→ **Activity**
Would you reproduce each of the records below precisely, with the pictures left out?

Scraped caption text data:
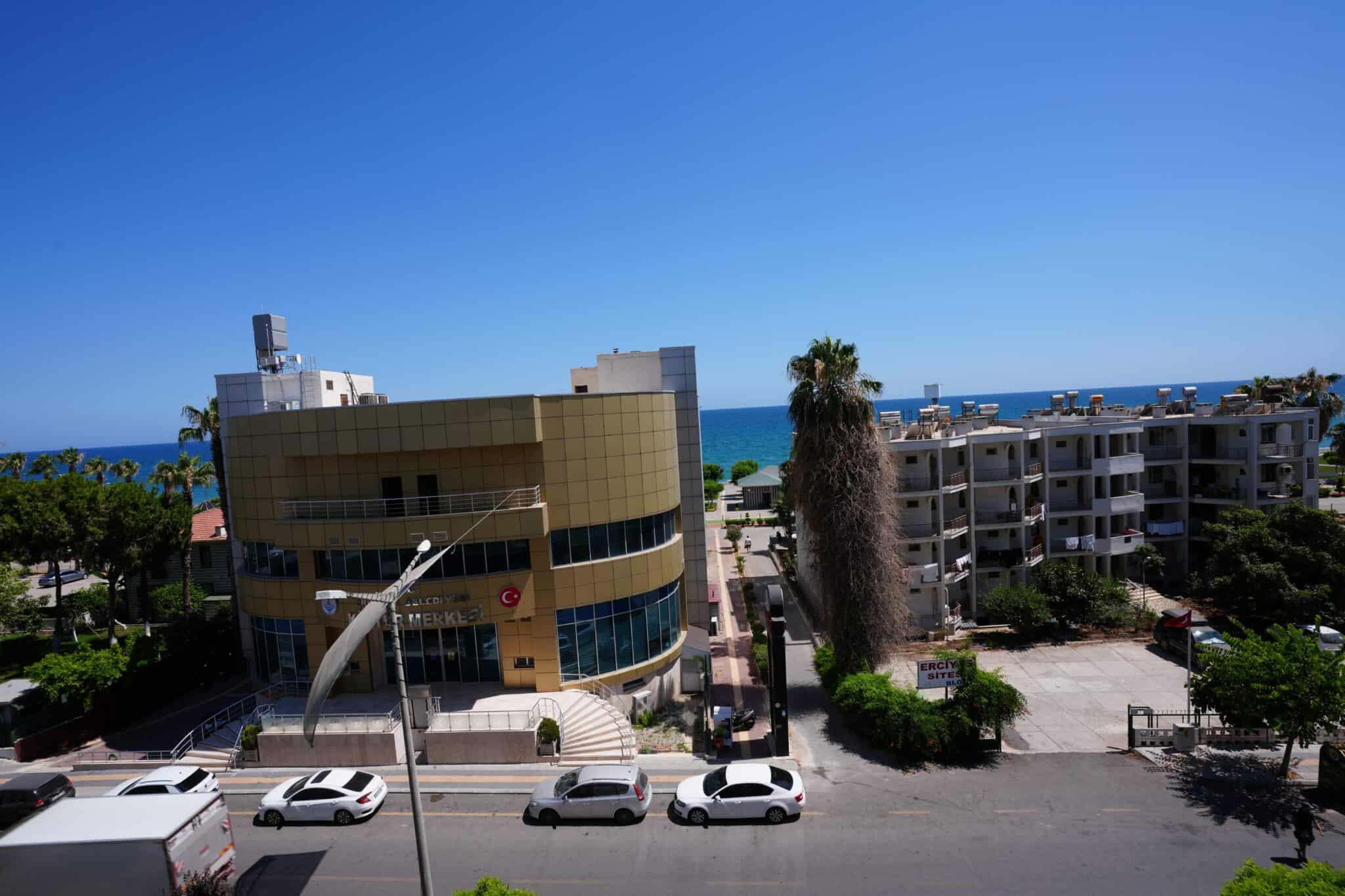 Mersin Erdemli Center Sea View For Sale 3+1 Apartment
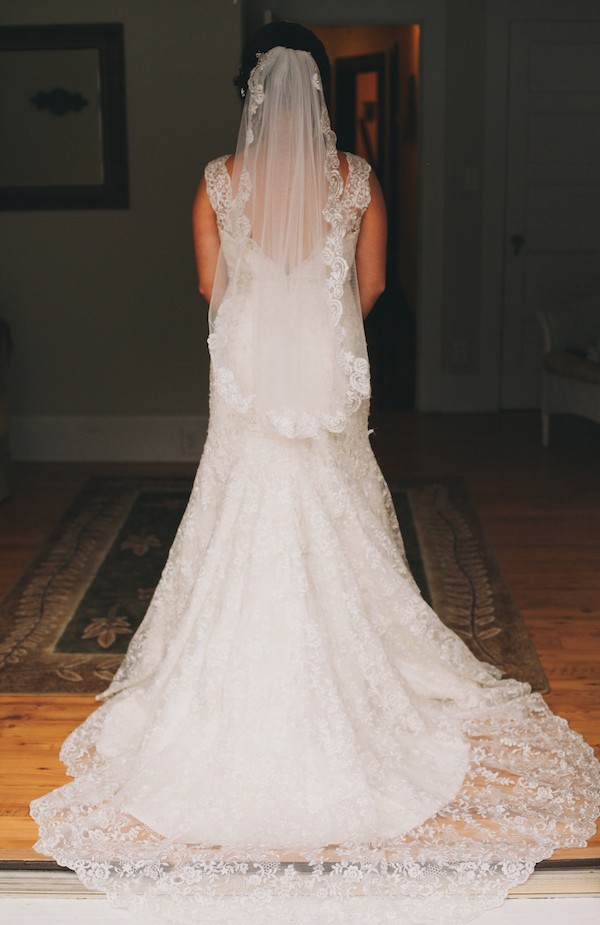 blue-and-yellow-rustic-wedding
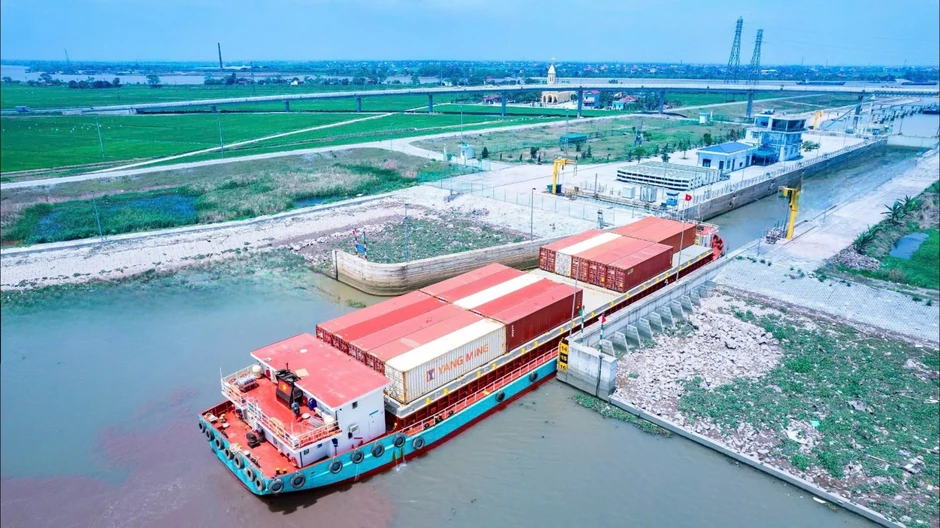 Miễn hàng loạt phí, lệ phí vận tải, tiếp sức cho doanh nghiệp Miễn hàng loạt phí, lệ phí vận tải, tiếp sức cho doanh nghiệp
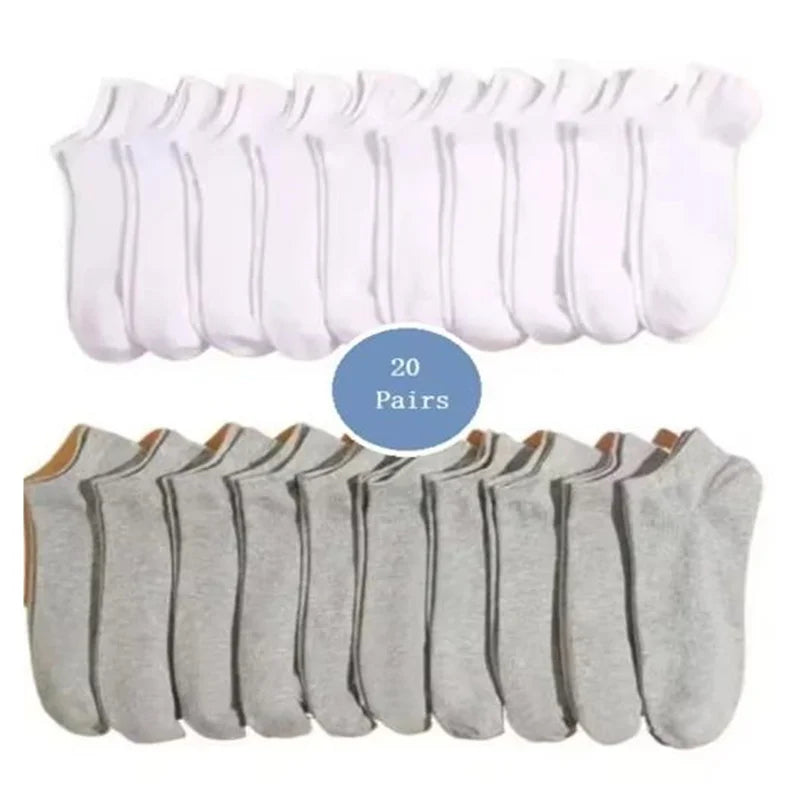 Ein Set von 20 Paar weißen Socken und ein Set grauer Socken.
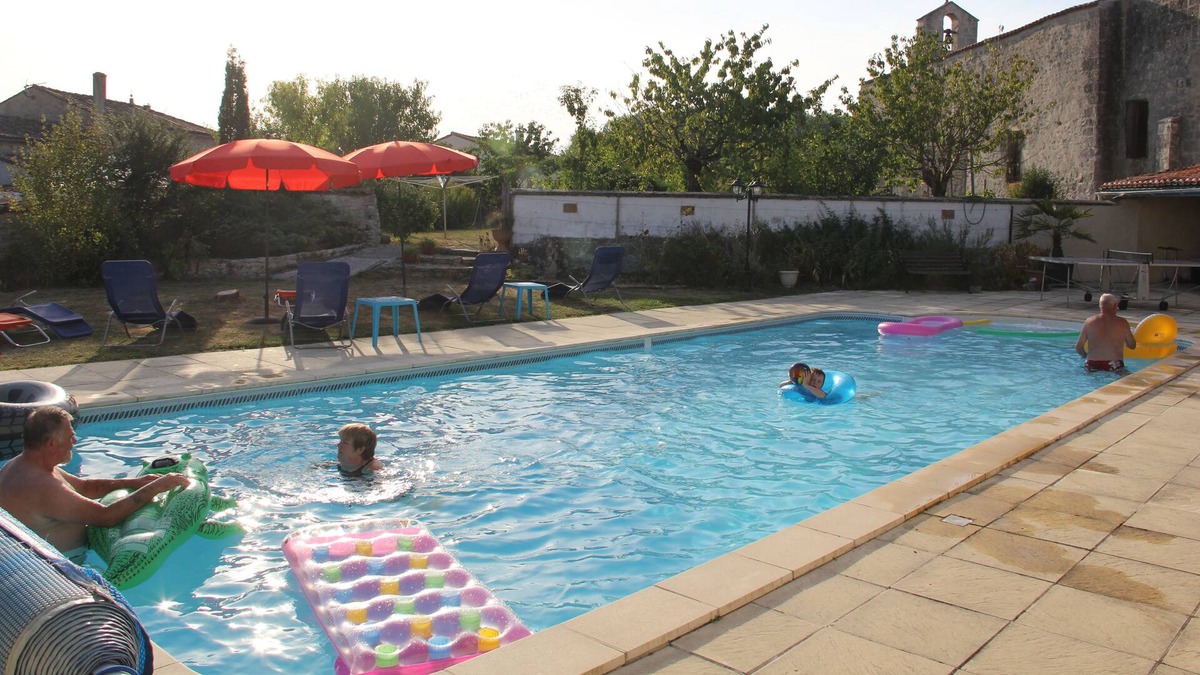 Le Gicq House | Poppies lovely Charentaise Property. wifi, swimming pool .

→ **Output for this exercise**
 Mersin Erdemli Center Sea View For Sale 3+1 Apartment
 blue-and-yellow-rustic-wedding
 Miễn hàng loạt phí, lệ phí vận tải, tiếp sức cho doanh nghiệp Miễn hàng loạt phí, lệ phí vận tải, tiếp sức cho doanh nghiệp
 Ein Set von 20 Paar weißen Socken und ein Set grauer Socken.
 Le Gicq House | Poppies lovely Charentaise Property. wifi, swimming pool .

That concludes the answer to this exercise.